Burundi news, le 13/06/2011

 

Burundi : quand la morale a totalement foutu le camp

Pierre Claver Niyonkuru

 

Depuis mon enfance, on m’a toujours dit que les Burundais étaient un peuple croyant. Avant l’arrivée des religions telles que connues aujourd’hui, mes ancêtres priaient leur dieu Kiranga. Quand le colonisateur a emmené la religion, les Burundais y ont adhéré : plus de 90% des Burundais croient en Dieu et sont adeptes de l’une ou l’autre religion.
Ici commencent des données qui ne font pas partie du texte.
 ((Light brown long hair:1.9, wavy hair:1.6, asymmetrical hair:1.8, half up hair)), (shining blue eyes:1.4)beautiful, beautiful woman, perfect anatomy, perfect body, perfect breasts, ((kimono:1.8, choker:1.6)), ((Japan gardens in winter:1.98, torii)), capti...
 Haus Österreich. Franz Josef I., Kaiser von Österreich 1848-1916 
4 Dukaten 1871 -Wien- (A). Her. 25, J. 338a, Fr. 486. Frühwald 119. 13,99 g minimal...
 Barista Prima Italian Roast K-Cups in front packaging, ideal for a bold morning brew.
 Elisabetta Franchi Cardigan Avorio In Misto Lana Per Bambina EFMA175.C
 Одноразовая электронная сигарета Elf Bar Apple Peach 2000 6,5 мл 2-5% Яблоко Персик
Tous les dimanches, les Églises sont pleines à claquer, on observe la même situation pour les mosquées les vendredis. Les gens prient, crient et implorent Dieu le tout puissant. Même les plus hautes autorités du pays sont des fervents croyants.

 

Toutefois, après les prières de la messe, la nuit tombée, des fils et des filles du Burundi sont massacrés et leurs corps jetés dans les rivières.  Jadis, la rivière servait de source d’eau pour satisfaire aux besoins des citoyens, aujourd’hui, on se dirige vers la rivière pour faire des découvertes macabres. Ces enfants du Burundi sont tués par d’autres enfants du Burundi. Pourtant, les Églises sont toujours pleines! Est-ce la très petite minorité des Burundais qui ne va pas à la messe qui maintient le pays dans cette situation désastreuse?

 

Pendant la semaine, c’est-à-dire, dès lundi, le lendemain du dimanche, jour de prière pour un grand nombre de Burundais, les mêmes autorités qui prêchaient la bonne nouvelle la veille sont les mêmes  qui récoltent les pots de vin, qui rançonnent la population et qui détournent les biens publics au vu et au su de tout le monde.
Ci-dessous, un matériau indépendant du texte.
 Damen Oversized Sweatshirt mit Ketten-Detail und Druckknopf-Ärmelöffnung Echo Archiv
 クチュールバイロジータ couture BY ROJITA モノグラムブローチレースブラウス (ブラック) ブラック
Voler l’argent, surtout quand il s’agit de l’argent de l’État n’est pas un scandale dans ce pays, c’est plutôt une valeur sociale : chacun vole le plus qu’il peut, après tout la chèvre broute là où elle est attachée, et qui travaille à l’hôtel mange à l’hôtel. 

Ainsi, dans ce pays où la morale a totalement foutu le camp, on vole, on construit des belles grosses villas, on achète des belles grosses voitures, on prend le plus de belles femmes qu’on peut,… C’est ça qu’on appelle la réussite dans le Burundi actuel. Les valeurs de dignité de nos ancêtres, on les a oubliées. Malheur aux petits fonctionnaires qui n’ont pas accès à la caisse.

 

Quand on essaye de garder ses valeurs morales, notamment en refusant les pots de vin, on devient l’ennemi public numéro un, on est donc à abattre. Un ami qui est dans le système aux affaires à Bujumbura me disait il y a quelques semaines que ce qui se passe chez nous dépasse l’entendement. Un commerçant vient te voir avec une enveloppe pour te corrompre en rapport avec un dossier, tu refuses de prendre l’enveloppe. On te prévient, si tu ne la prends pas, c’est ton patron qui la prendra. Tu persistes, le commerçant va voir ton patron, ce dernier prend l’enveloppe sans hésiter. Par la suite, tu deviens la cible de tout le monde, le corrompu et le corrupteur. Si tu ne perds pas ta vie, tu perds ton emploi. Encore faudra-t-il prier le ciel pour ne pas effectuer ton premier stop à Mpimba. Voilà ce qui se passe quand la morale a totalement foutu le camp. Comprenez-moi bien! Je ne suis pas en train de dire que la corruption n’existe qu’au Burundi, loin de là. Elle existe partout.  Ce que je condamne c’est qu’elle est devenue la norme au Burundi.

 

Au Burundi, encore en 2011, l’État reste le seul employeur, ce qui donne une grande marge de manœuvre aux chefs, faiseurs de la pluie, jamais du beau temps. Les compétences et les qualifications ne sont plus des critères importants dans l’embauche. Par ailleurs, parmi les lauréats des universités, c’est ceux qui réussissaient moins bien, c’est-à-dire difficilement, qui ont accès aux meilleurs emplois. Eux, ils posent moins de questions quand on leur confie des missions peu catholiques, parce qu’ils savent qu’en cas d’un concours sérieux, ils ne s’en sortiront pas.  En fait, il y a des nouveaux critères de sélection pour les emplois au Burundi : être membre, surtout un militant zélé du parti au pouvoir, être un proche d’un membre influent du parti, avoir l’argent pour monnayer ton recrutement ou alors être une belle femme désirée par les chefs. En dehors de ces critères, soyez compétent et postulez tous les postes, rien! De toutes les façons, l’emploi ne se demande plus dans les ministères et organismes du gouvernement, mais à la permanence du parti au pouvoir et pour y arriver, il faut faire partie des heureux choisis.

 

À l’école, l’effort n’est plus le mot d’ordre. Après tout, on peut devenir haut gradé de l’armée ou de la police en sachant à peine lire et écrire. On peut aussi occuper des hautes fonctions de l’État avec un certificat du primaire.  Les enseignants ont perdu la morale. Les points ne sont plus mérités, on les achète et ce n’est pas compliqué : les garçons payent de l’argent et les filles donnent leur corps à leurs enseignants, qui sont pourtant supposés prendre la place des parents. Voilà comment la morale a totalement foutu le camp. Les dirigeants, au lieu de protéger les plus faibles et garantir l’harmonie sociale, ils laissent faire.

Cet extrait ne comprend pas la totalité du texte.